Úriz, se había trasladado a Pamplona -1861-. Al enterarse de la predicación palautiana en la diócesis, creyó un deber de conciencia, -¡nada menos!- informar a su sucesor, del comportamiento de Palau, ¡claro!. Como consecuencia de estos informes negativos, Puigllat dio orden para que Francisco se abstuviera de realizar tal cometido. Ante la nueva situación, Francisco se asesoró. Con personas autorizadas y competentes, sí, sí. Entre ellas el deán de la catedral de Barcelona. Quien se relacionaba con el obispo de Lérida. El deán se puso en contacto con el obispo. Le pedía noticias más concretas y exhaustivas acerca de este eclesiástico muy recomendable por su acrisolada virtud. Puigllat buscó documentos que describieran las acusaciones del de Pamplona -Así se firmaba él-. Al no encontrar nada condenable le interrogó. Por toda respuesta afirmó que sólo él había conocido el expediente y lo había quemado. Por consiguiente, el obispo de Lérida no pudo formular acusación concreta. Tampoco censura alguna. Faltaban comprobantes de hechos reales que los probaran.

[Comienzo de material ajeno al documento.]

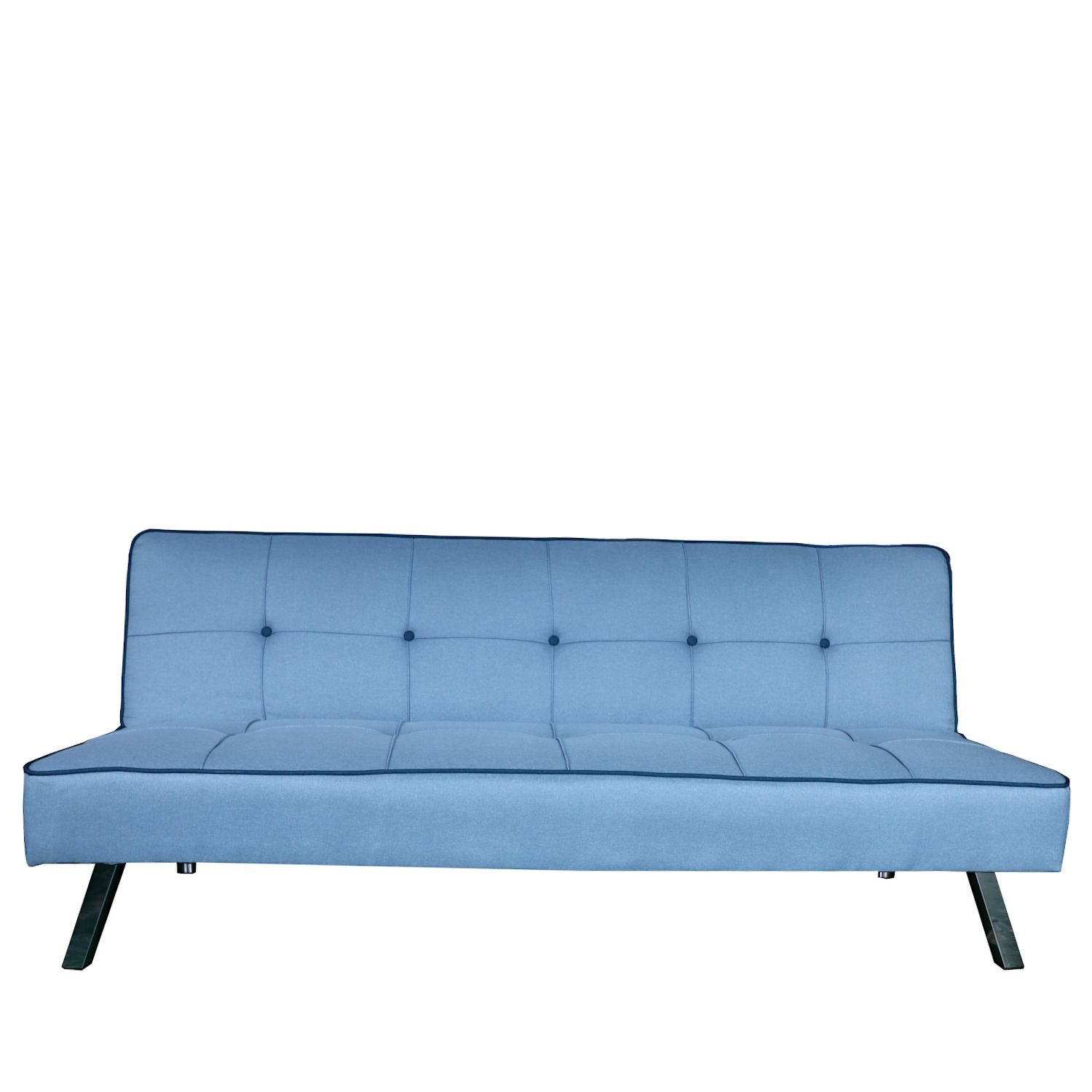 ArteLibre Καναπές Κρεβάτι Τριθέσιος Agrasso 175x83x74cm Μπλε
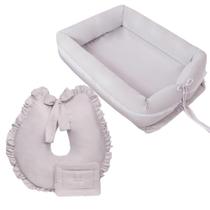 Kit Ninho Bercinho Redutor e Almofada Amamentação para Bebe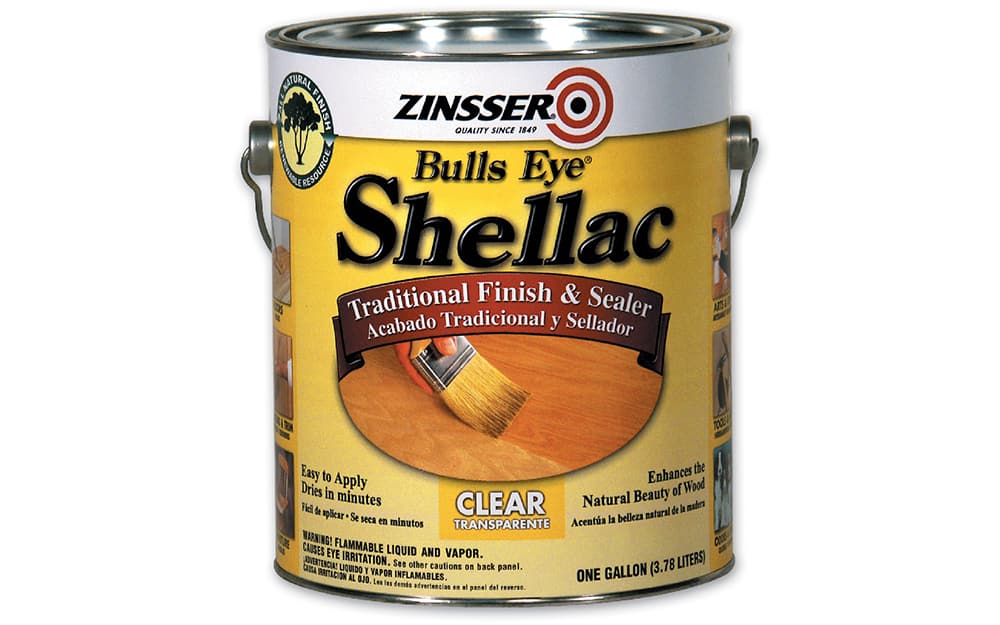 A can of shellac on a white background. A can of shellac on a white background.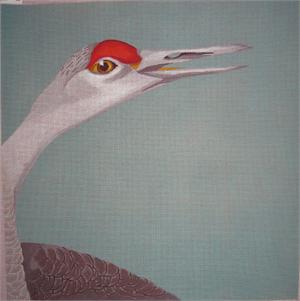click here to view larger image of Red Headed Bird (hand painted canvases)
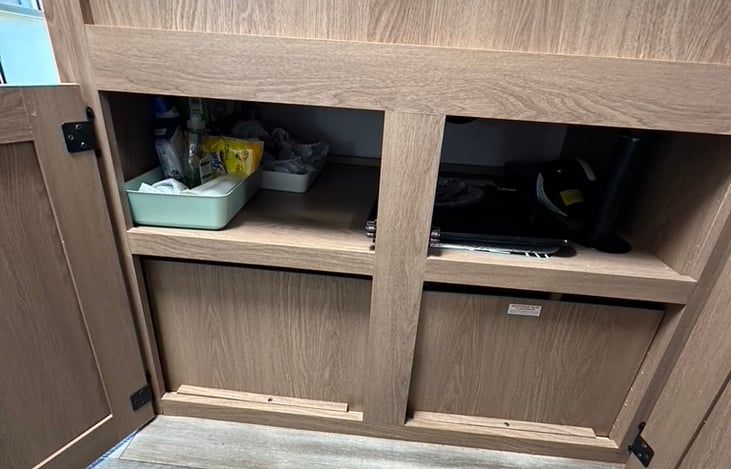 Storage under sink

De todos modos, Puigllat hizo ciertas indicaciones al deán. Entre otras, aconsejar a Palau no confesar ni predicar en su diócesis.

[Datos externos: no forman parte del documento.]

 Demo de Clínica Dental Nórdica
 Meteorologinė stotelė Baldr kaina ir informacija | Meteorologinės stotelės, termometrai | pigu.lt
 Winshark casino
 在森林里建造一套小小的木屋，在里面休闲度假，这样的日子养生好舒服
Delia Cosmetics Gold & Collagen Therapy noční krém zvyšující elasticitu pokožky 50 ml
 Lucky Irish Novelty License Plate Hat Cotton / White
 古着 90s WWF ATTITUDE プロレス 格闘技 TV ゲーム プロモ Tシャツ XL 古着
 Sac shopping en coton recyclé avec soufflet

Él acató la orden con lealtad. Sin averiguar nada más. Sin embargo, era bien consciente de que tal disposición le privaba de relacionarse, de manera más personal y frecuente, con los suyos. La carta que Palau escribió al obispo es un indudable testimonio de fidelidad. Se hallaba dispuesto a evitar todo lo que molestara a Puigllat. Él respetuoso, sumiso, ejemplar.
El obispo le retiró las licencias ministeriales, sí. La carta termina con estas significativas palabras: “Yo no puedo ni debo abochornar a mi digno predecesor. Es decir, el obispo Úriz no podía quedar en mal lugar. ¡Qué joyas! Me quedo sin el uno y sin el otro. Entre ambos contribuyeron a purgar la existencia de este hombre de Iglesia. Buscador incansable del bien ajeno. De la más auténtica comunión entre todos.
Se había extendido por la provincia de Lérida la devastadora epidemia de cólera. -Ya la conocemos. También la del 68-. En la primera falleció la hermana de Francisco. ¿Lo recodáis? En cuanto se celebró el funeral, Palau dejó Aitona. Se dirigió a Lérida y se presentó al obispo -¡valiente donde los haya!-. Éste le obligó a que documentara su explicación. Por lo cual llegado a Barcelona le enviaba la documentación pertinente. Sigue obedeciendo, se humilla, pide perdón si ha obrado mal. Acata la voluntad del obispo y se somete a sus disposiciones. ¿Qué más le queda por hacer? Donde abunda la vida, se manifiesta en semejantes actitudes. ¡Emblemáticas, sí! Ellas nos desafían a reproducirlas en nuestras particulares circunstancias. Por supuesto.